**LISTED RECORDS**
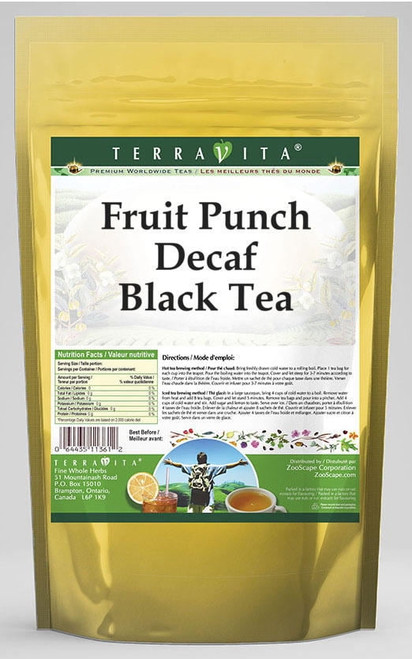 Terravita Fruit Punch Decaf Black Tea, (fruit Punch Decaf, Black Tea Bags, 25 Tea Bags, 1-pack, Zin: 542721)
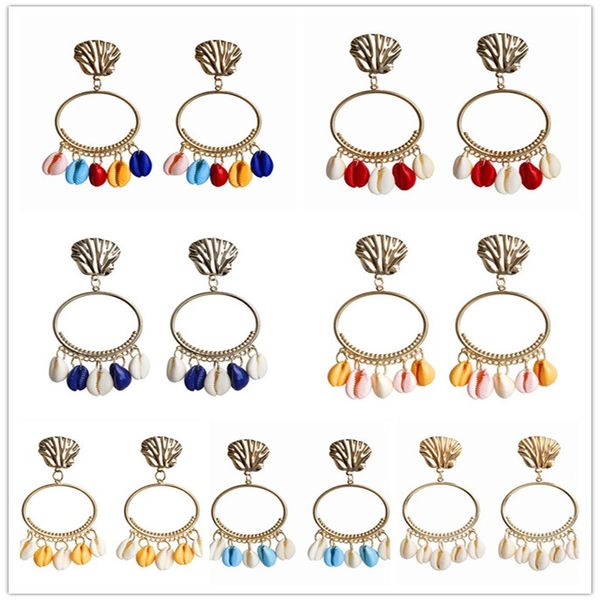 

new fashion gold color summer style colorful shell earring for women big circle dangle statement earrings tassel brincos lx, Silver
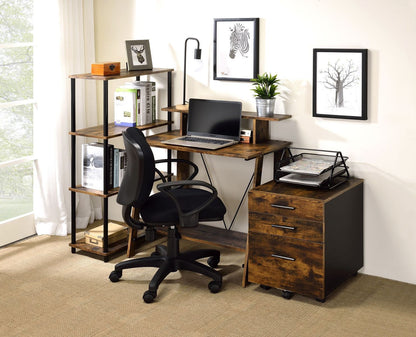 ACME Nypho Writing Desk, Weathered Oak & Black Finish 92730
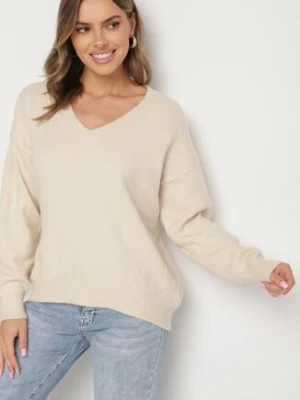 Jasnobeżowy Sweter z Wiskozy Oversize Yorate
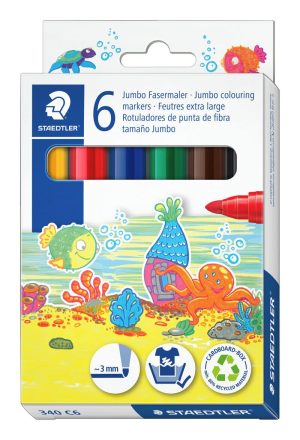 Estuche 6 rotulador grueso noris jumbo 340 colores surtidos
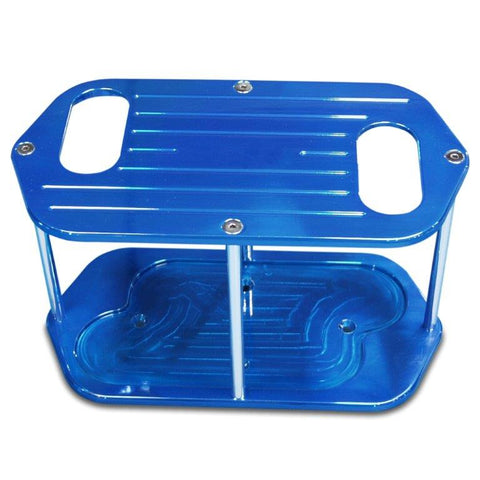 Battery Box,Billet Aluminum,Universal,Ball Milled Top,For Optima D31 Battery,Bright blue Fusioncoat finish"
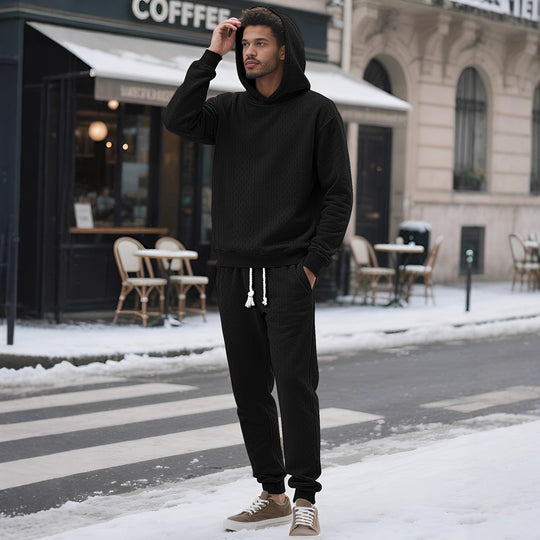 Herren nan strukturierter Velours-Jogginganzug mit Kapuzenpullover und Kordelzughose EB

**INSTRUCTIONS TO FOLLOW**
Transcribe only the lines between the line containing "new fashion gold" and the final line of the listing, inclusive, exactly as they appear; no pictures are to be included.

**RESPONSE AREA**
new fashion gold color summer style colorful shell earring for women big circle dangle statement earrings tassel brincos lx, Silver
 ACME Nypho Writing Desk, Weathered Oak & Black Finish 92730
 Jasnobeżowy Sweter z Wiskozy Oversize Yorate
 Estuche 6 rotulador grueso noris jumbo 340 colores surtidos
 Battery Box,Billet Aluminum,Universal,Ball Milled Top,For Optima D31 Battery,Bright blue Fusioncoat finish"
 Herren nan strukturierter Velours-Jogginganzug mit Kapuzenpullover und Kordelzughose EB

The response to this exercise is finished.